MY JOB WENT TO INDIA
Michael L Torrie
torriem at chem.byu.edu
Mon Feb 12 09:19:24 MST 2007
On Thu, 2007-02-08 at 13:51 -0700, Bryan Sant wrote:
> On 2/8/07, Grant Shipley <gshipley at gmail.com> wrote:
> > book is don't tie yourself to the most popular technology because that
> > is what always gets outsourced. In other words, don't be a programmer
> > who only knows Java.
> Using that logic, we should stop speaking English, and learn a new
> language too. I mean, those Indians are getting to be fluent in
> English. I say we differentiate ourselves by speaking Tagalog.
No I don't believe so. This seems like a logical fallacy to me.
Using a programming language as a tool to construct or create something
is very different from simply using a language as a protocol for
Absolutely a programmer should know more than just Java. When Java's
days are done do we want to be the cobol programmers of the future or
capable of riding any of the technology waves that hit us? The same can
be said of C++, C#, or any popular and lucrative language.

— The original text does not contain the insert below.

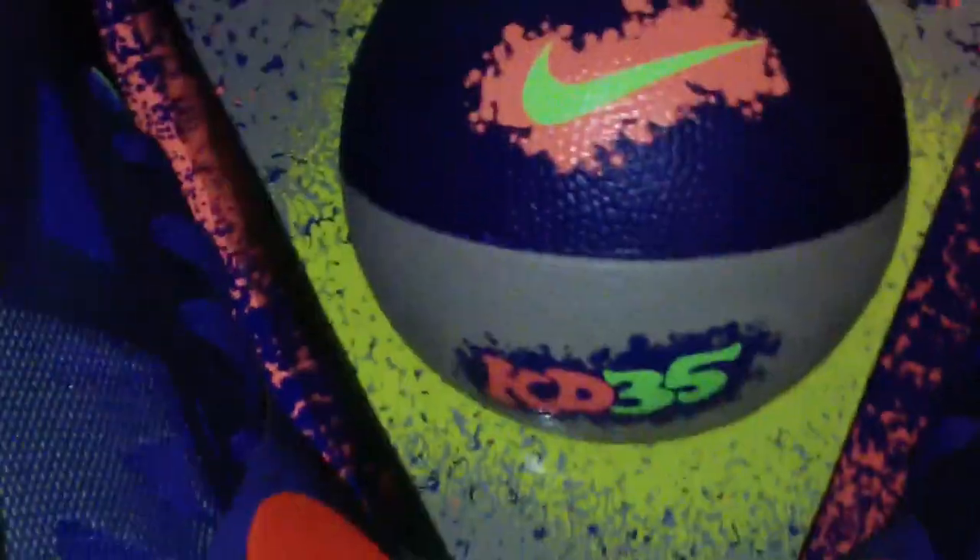Retailed in House of Hoops stores, couple of Nike Towns. Very, very limited quantities — rumored to be about 350.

And I also think that in the international, globalized world we live in,
the more human languages we speak, the more marketable we'll be too.
Chinese might be a good language to learn. They seem poised to be the
next major economic power (I have my doubts, but we'll see). And to
start an off-topic flame war, having just returned from a visit to the
middle east, I can say with some certainty that the Iraq war marks the
end of America as a super power.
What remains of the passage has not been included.